Your copy should contain exactly the lines from the one that holds "Kingston Knolls Terrace - Residential" through the end of the material, reproduced as written, with no pictures.

Segment Start: Information shown

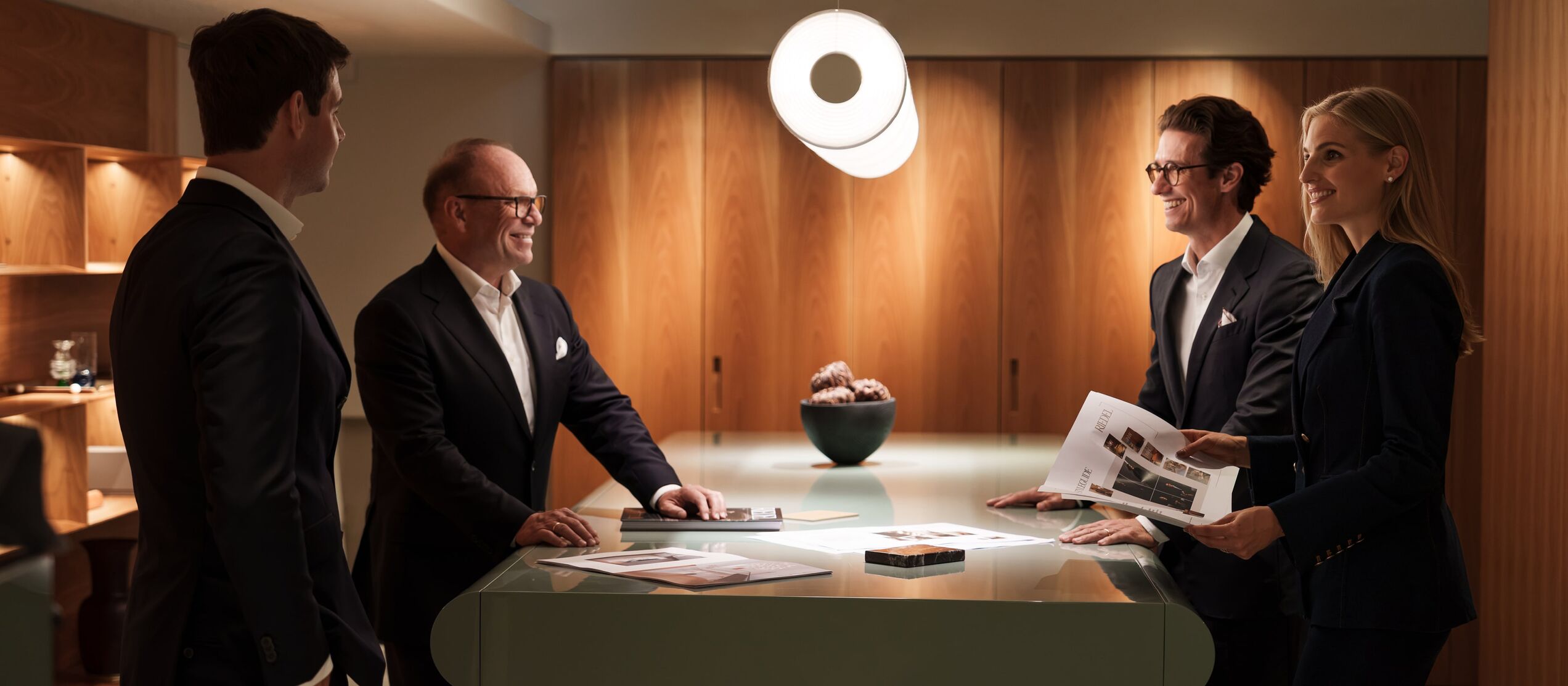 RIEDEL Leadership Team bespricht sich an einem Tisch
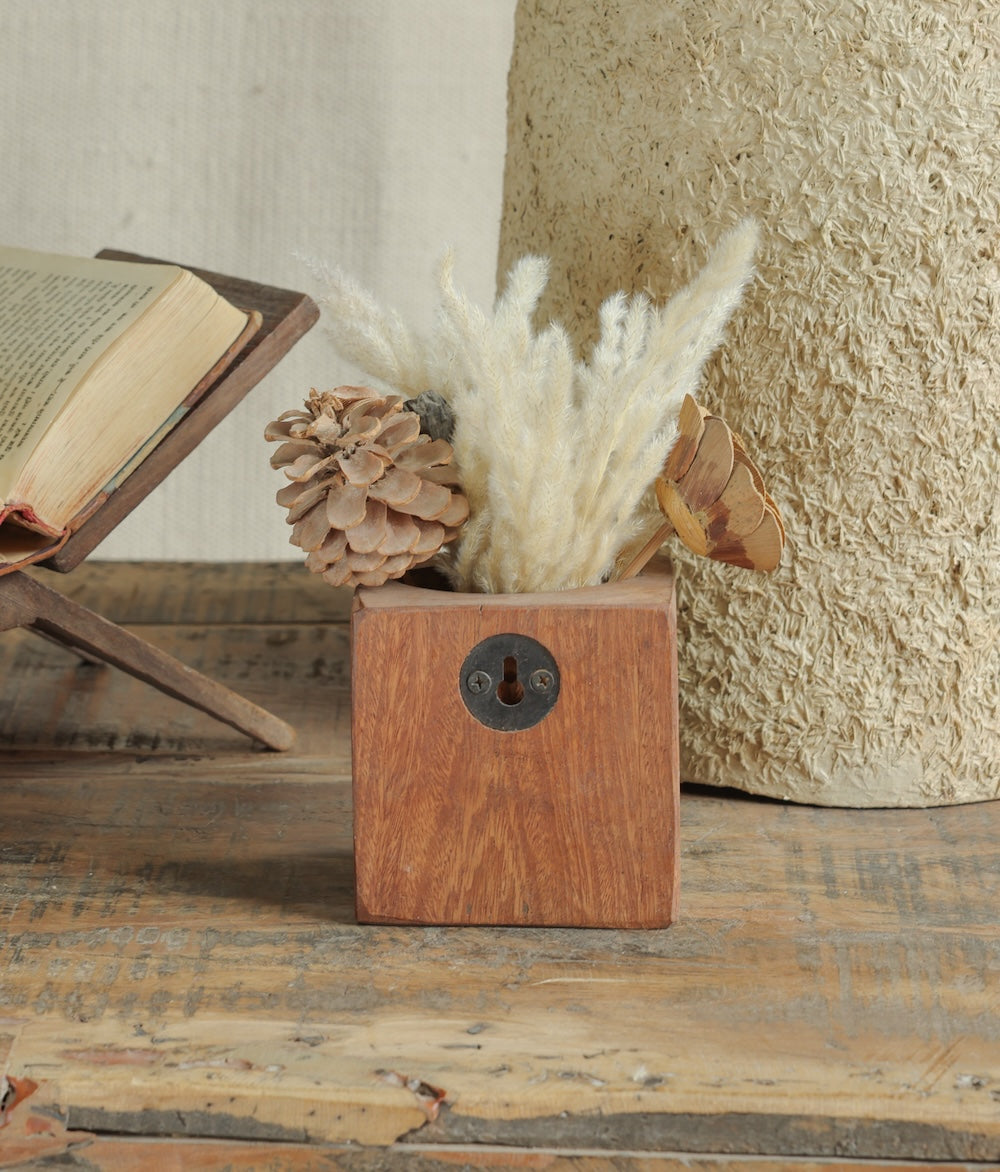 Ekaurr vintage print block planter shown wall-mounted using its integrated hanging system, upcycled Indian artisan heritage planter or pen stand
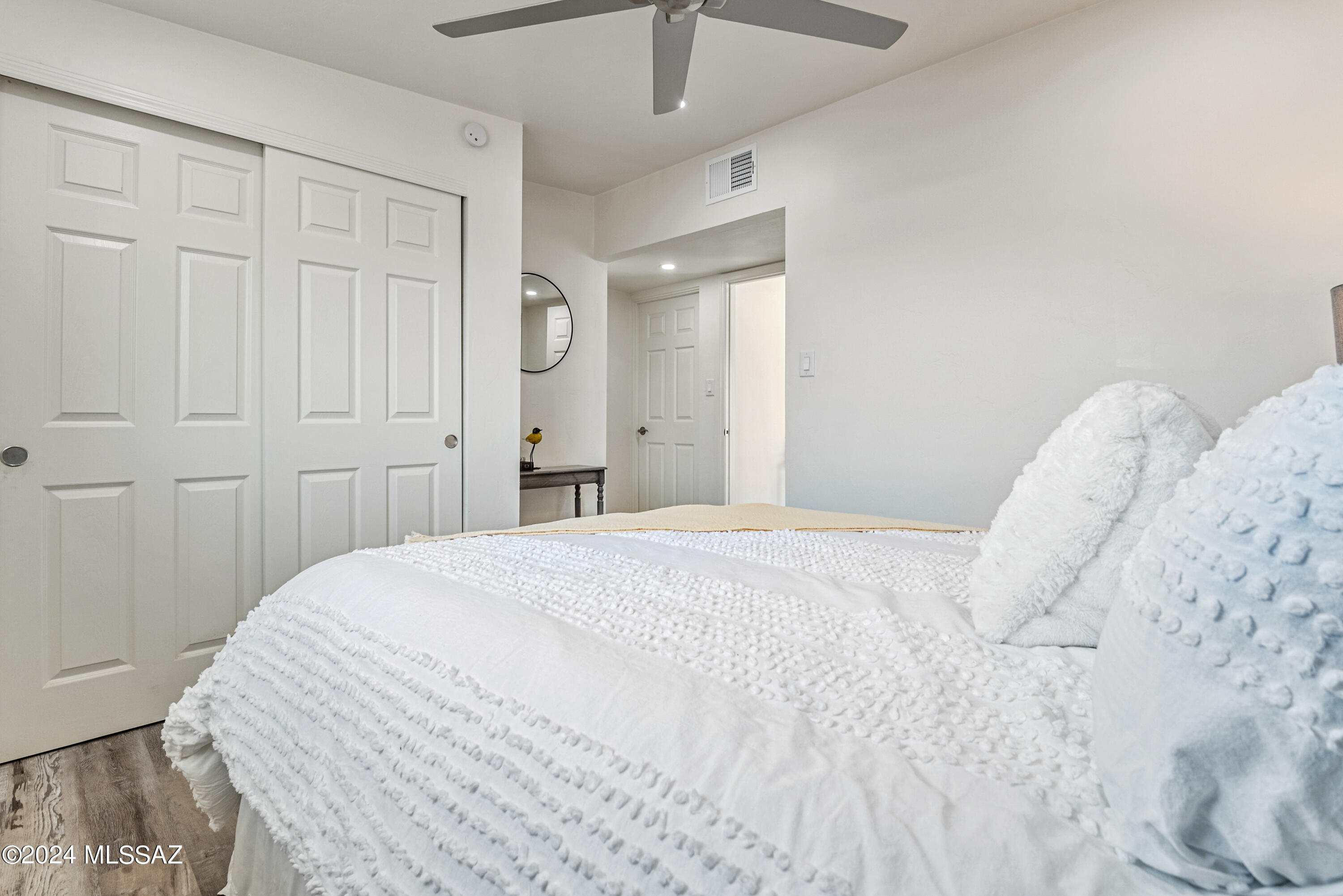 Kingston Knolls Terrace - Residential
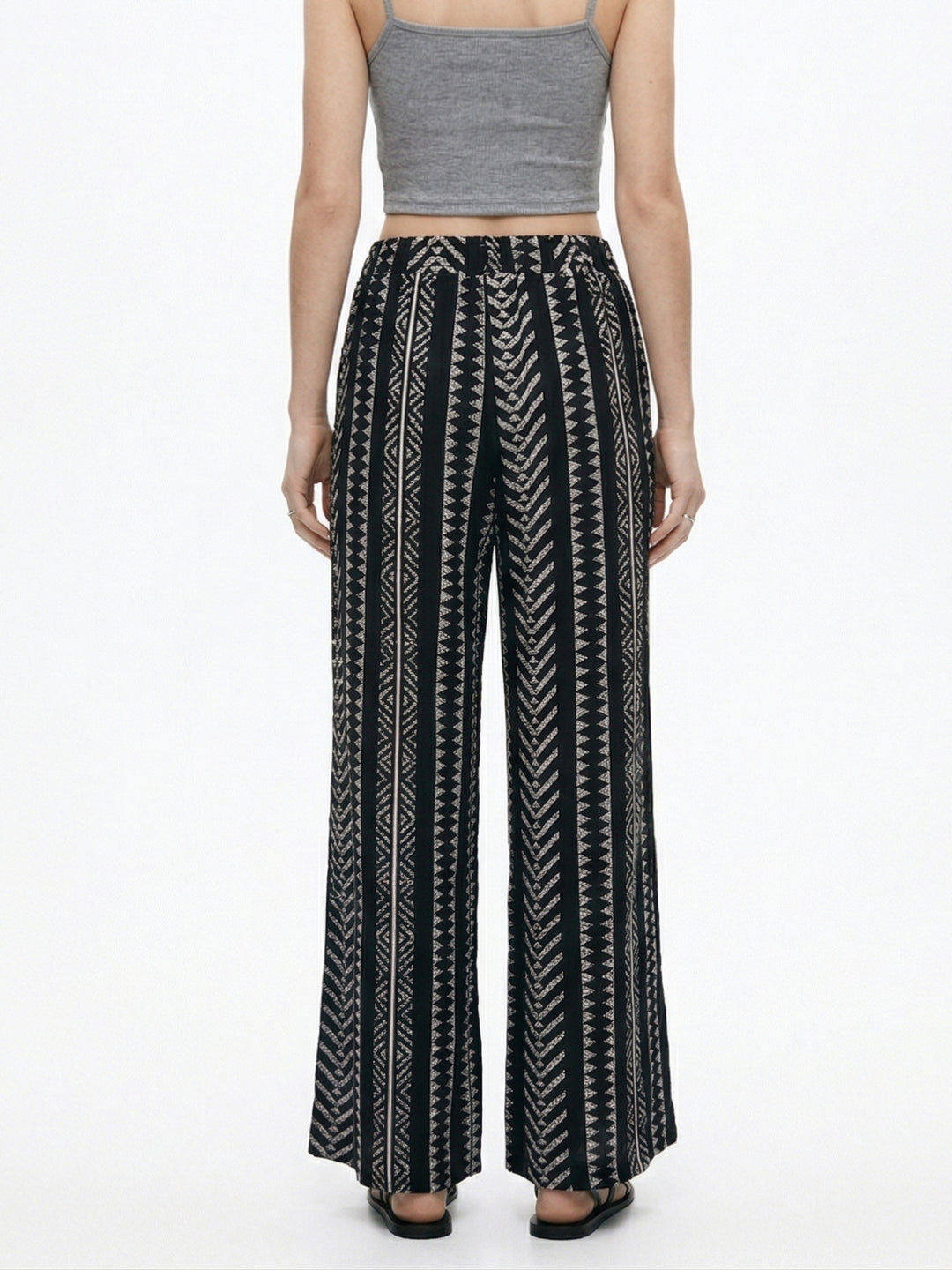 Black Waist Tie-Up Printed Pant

Segment End: Information shown

● Your solution
 Kingston Knolls Terrace - Residential
 Black Waist Tie-Up Printed Pant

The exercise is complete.